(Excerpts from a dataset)
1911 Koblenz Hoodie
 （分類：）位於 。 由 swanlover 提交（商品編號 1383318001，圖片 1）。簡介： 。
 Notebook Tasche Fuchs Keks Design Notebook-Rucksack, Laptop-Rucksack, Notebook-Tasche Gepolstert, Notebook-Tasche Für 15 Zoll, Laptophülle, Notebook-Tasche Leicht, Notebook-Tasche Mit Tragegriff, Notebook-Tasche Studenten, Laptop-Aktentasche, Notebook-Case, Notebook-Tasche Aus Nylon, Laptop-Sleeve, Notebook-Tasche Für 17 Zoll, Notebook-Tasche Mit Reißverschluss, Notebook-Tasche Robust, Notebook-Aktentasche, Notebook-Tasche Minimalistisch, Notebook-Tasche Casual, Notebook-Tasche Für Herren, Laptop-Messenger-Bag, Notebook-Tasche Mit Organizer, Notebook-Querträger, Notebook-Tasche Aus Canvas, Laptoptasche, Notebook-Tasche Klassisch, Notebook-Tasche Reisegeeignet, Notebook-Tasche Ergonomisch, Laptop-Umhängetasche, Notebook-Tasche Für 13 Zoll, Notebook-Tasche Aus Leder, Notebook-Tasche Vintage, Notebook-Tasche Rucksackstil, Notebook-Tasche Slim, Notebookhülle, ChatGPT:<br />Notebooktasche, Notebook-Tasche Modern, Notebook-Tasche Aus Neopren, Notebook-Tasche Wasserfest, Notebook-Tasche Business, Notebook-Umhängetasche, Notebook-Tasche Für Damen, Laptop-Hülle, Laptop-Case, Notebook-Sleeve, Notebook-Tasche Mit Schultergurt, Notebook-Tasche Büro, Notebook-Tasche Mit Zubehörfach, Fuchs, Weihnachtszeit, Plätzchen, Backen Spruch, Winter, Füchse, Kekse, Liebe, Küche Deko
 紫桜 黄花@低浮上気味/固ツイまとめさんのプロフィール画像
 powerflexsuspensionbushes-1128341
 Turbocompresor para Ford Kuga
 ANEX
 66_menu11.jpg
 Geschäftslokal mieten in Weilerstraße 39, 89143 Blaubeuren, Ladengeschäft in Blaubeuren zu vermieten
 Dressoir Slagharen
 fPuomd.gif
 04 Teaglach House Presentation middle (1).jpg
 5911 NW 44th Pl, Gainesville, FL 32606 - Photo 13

> _WHAT IS EXPECTED_:
After reading the data, retype all of it exactly as it reads.

> _ANSWER BELOW_:
1911 Koblenz Hoodie
 （分類：）位於 。 由 swanlover 提交（商品編號 1383318001，圖片 1）。簡介： 。
 Notebook Tasche Fuchs Keks Design Notebook-Rucksack, Laptop-Rucksack, Notebook-Tasche Gepolstert, Notebook-Tasche Für 15 Zoll, Laptophülle, Notebook-Tasche Leicht, Notebook-Tasche Mit Tragegriff, Notebook-Tasche Studenten, Laptop-Aktentasche, Notebook-Case, Notebook-Tasche Aus Nylon, Laptop-Sleeve, Notebook-Tasche Für 17 Zoll, Notebook-Tasche Mit Reißverschluss, Notebook-Tasche Robust, Notebook-Aktentasche, Notebook-Tasche Minimalistisch, Notebook-Tasche Casual, Notebook-Tasche Für Herren, Laptop-Messenger-Bag, Notebook-Tasche Mit Organizer, Notebook-Querträger, Notebook-Tasche Aus Canvas, Laptoptasche, Notebook-Tasche Klassisch, Notebook-Tasche Reisegeeignet, Notebook-Tasche Ergonomisch, Laptop-Umhängetasche, Notebook-Tasche Für 13 Zoll, Notebook-Tasche Aus Leder, Notebook-Tasche Vintage, Notebook-Tasche Rucksackstil, Notebook-Tasche Slim, Notebookhülle, ChatGPT:<br />Notebooktasche, Notebook-Tasche Modern, Notebook-Tasche Aus Neopren, Notebook-Tasche Wasserfest, Notebook-Tasche Business, Notebook-Umhängetasche, Notebook-Tasche Für Damen, Laptop-Hülle, Laptop-Case, Notebook-Sleeve, Notebook-Tasche Mit Schultergurt, Notebook-Tasche Büro, Notebook-Tasche Mit Zubehörfach, Fuchs, Weihnachtszeit, Plätzchen, Backen Spruch, Winter, Füchse, Kekse, Liebe, Küche Deko
 紫桜 黄花@低浮上気味/固ツイまとめさんのプロフィール画像
 powerflexsuspensionbushes-1128341
 Turbocompresor para Ford Kuga
 ANEX
 66_menu11.jpg
 Geschäftslokal mieten in Weilerstraße 39, 89143 Blaubeuren, Ladengeschäft in Blaubeuren zu vermieten
 Dressoir Slagharen
 fPuomd.gif
 04 Teaglach House Presentation middle (1).jpg
 5911 NW 44th Pl, Gainesville, FL 32606 - Photo 13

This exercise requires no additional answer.